▸ Raw data

■ ■ ■ ■ ■

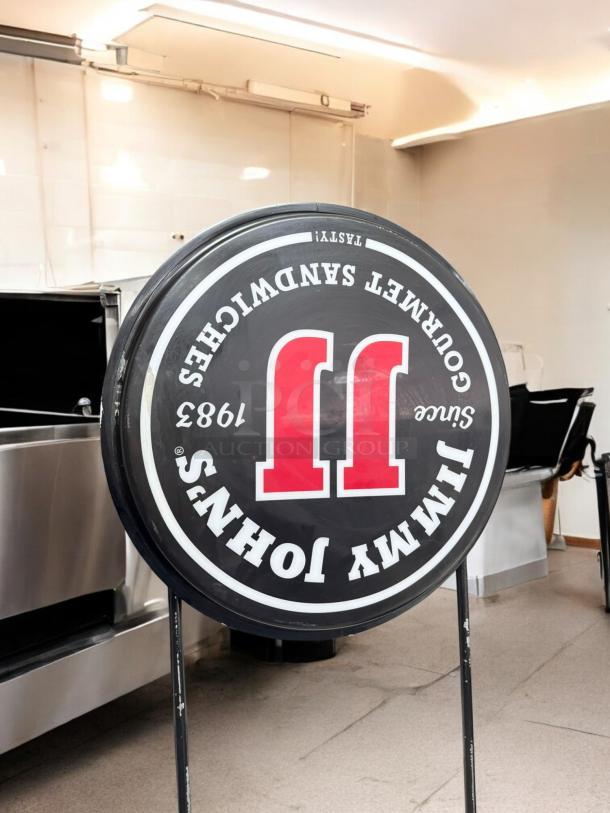 Jimmy John’s double-sided illuminated sign, excellent condition, electric, fully tested and working, round with logo.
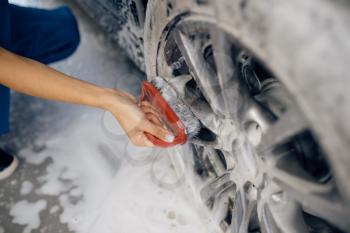 Female washer with brush in hand cleans wheel in foam, car wash. Woman washes vehicle, carwash station, car wash business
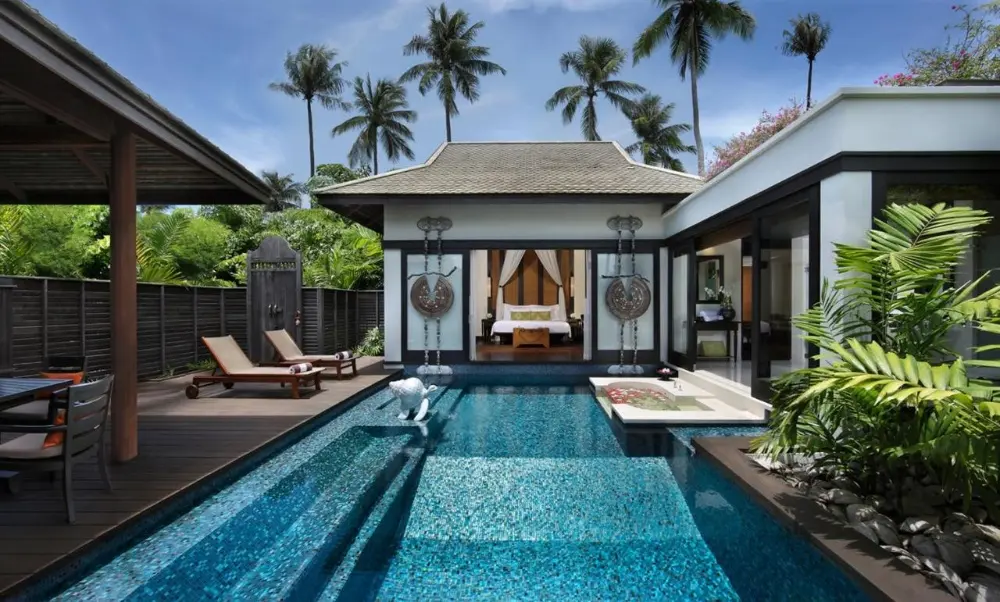 A tranquil poolside scene at Anantara Mai Khao Villas, ones of the best resorts in Phuket, showcasing lounge chairs and umbrellas for leisure and shade.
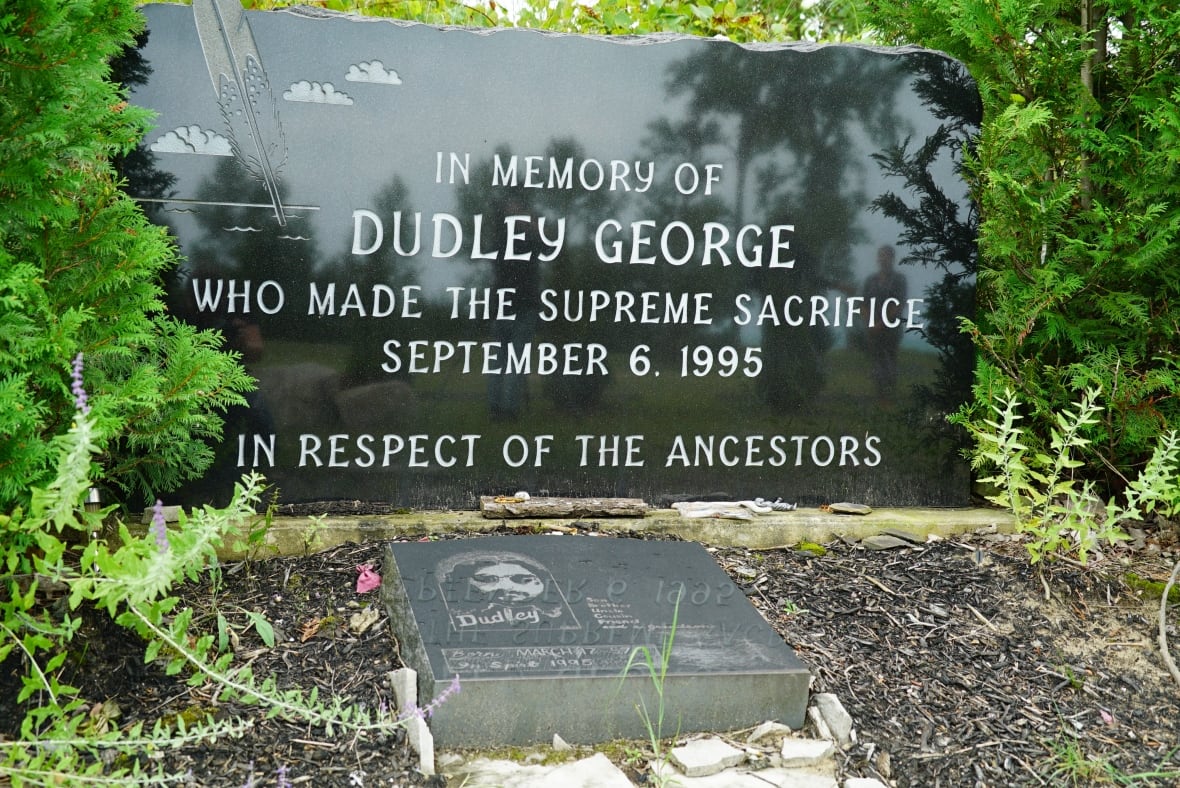 A memorial read, "In memory of Dudley George who made the supreme sacrifice September 6, 1995."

■ ■ ■ ■ ■

▸ Action item
When you reach the line that contains "Female washer with", start copying the listing word for word and stop only after its last line, without any pictures.

▸ Finished task
 Female washer with brush in hand cleans wheel in foam, car wash. Woman washes vehicle, carwash station, car wash business
 A tranquil poolside scene at Anantara Mai Khao Villas, ones of the best resorts in Phuket, showcasing lounge chairs and umbrellas for leisure and shade.
 A memorial read, "In memory of Dudley George who made the supreme sacrifice September 6, 1995."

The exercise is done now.